According to A. Erdemir and D. Lechner
Over the past year, the Turkish lira has lost up to 20% of its value against the US dollar. One indicator of the slowly developing economic crisis is the frantic pursuit of gold by the Turks. Since last year, Turkish firms and retail investors have nearly tripled their gold holdings to $ 36 billion, in addition to the 3,000-5,000 metric tons of metal they hold at home, worth between $ 186 and $ 310 billion at current market prices. Gold imports to meet skyrocketing demand have hurt Turkey's trade deficit, with the deficit widening to $ 45 billion in January-November, nearly double last year.
For Turks, gold has long been the most popular form of savings, as well as a refuge from systemic crises. A recent survey of the Turkish branch of the Dutch bank ING found that for one in four Turkish citizens, keeping gold and foreign exchange at home is the best way to save. Over the summer, the demand for safes has quadrupled - up to four thousand a month. Every fourth Turk keeps gold and currency at home, another 18 percent save money for gold bank accounts.
Observing gold is critical to understanding how the Turkish economy actually works. Between 2012 and 2013, analysts following Turkey's unusual gold import and export data unveiled a massive scheme to circumvent US sanctions against Iran. During these two years, as it is now, Turkey's macroeconomic performance was misleading: the $ 14 billion gold that Turkey claims to have exported almost exclusively to Iran and the United Arab Emirates could in fact be Ankara's payments to Tehran. for the import of natural gas.
Iran was not the only partner involved in the Turkish government's gray schemes related to gold.

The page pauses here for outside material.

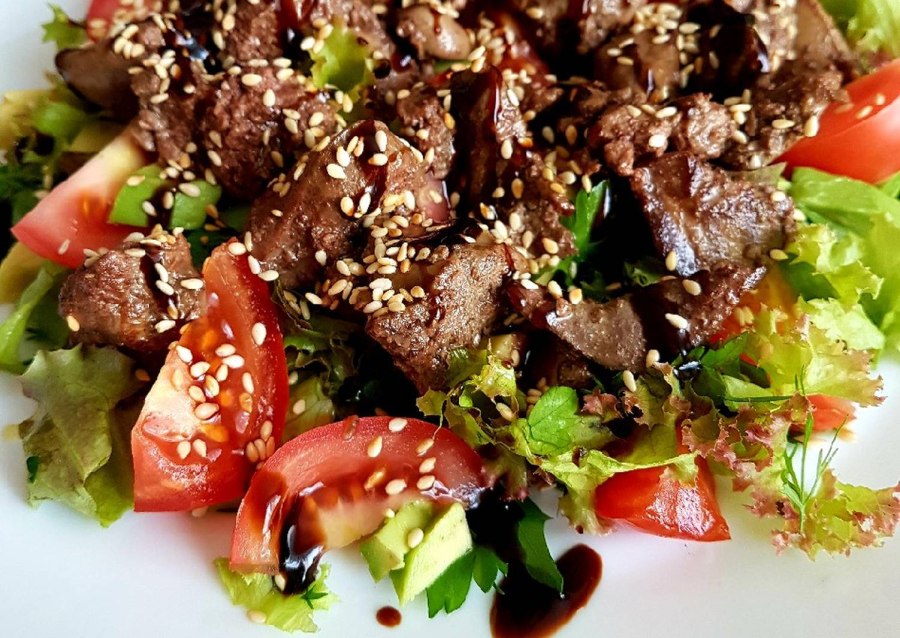 Теплый салат с куриной печенью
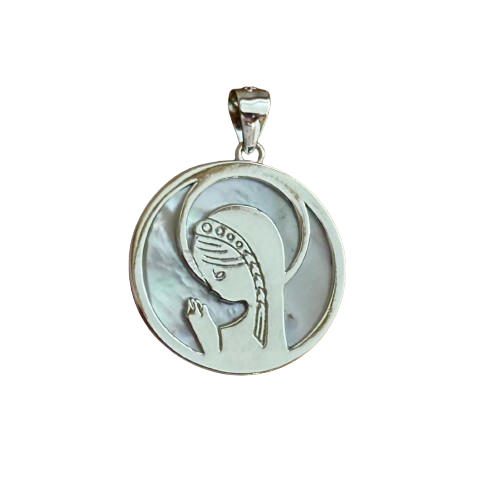 Medalla Virgen Niña de Plata rodiada y Nácar blanco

Venezuelan gold exports to Turkey rose sharply in 2018 to reach $ 900 million as President Nicolas Maduro decided to move gold refining from Switzerland to Turkey to avoid US sanctions. In January 2019, Assistant Secretary of the Treasury for Terrorist Financing Marshall Billingsley warned Ankara that Washington was studying Turkey's trade with Venezuela and would take action if transactions would violate US sanctions.
However, even today's "stable" recession in Turkey can no longer be taken for granted. If the coronavirus vaccine leads, as predicted, to a global economic recovery in 2021, it will trigger a drop in gold prices, which reached record highs last August, and the wealth of Turks could be hit hard, and not only because of the economic slowdown. but also because of the decline in the value of gold savings at home.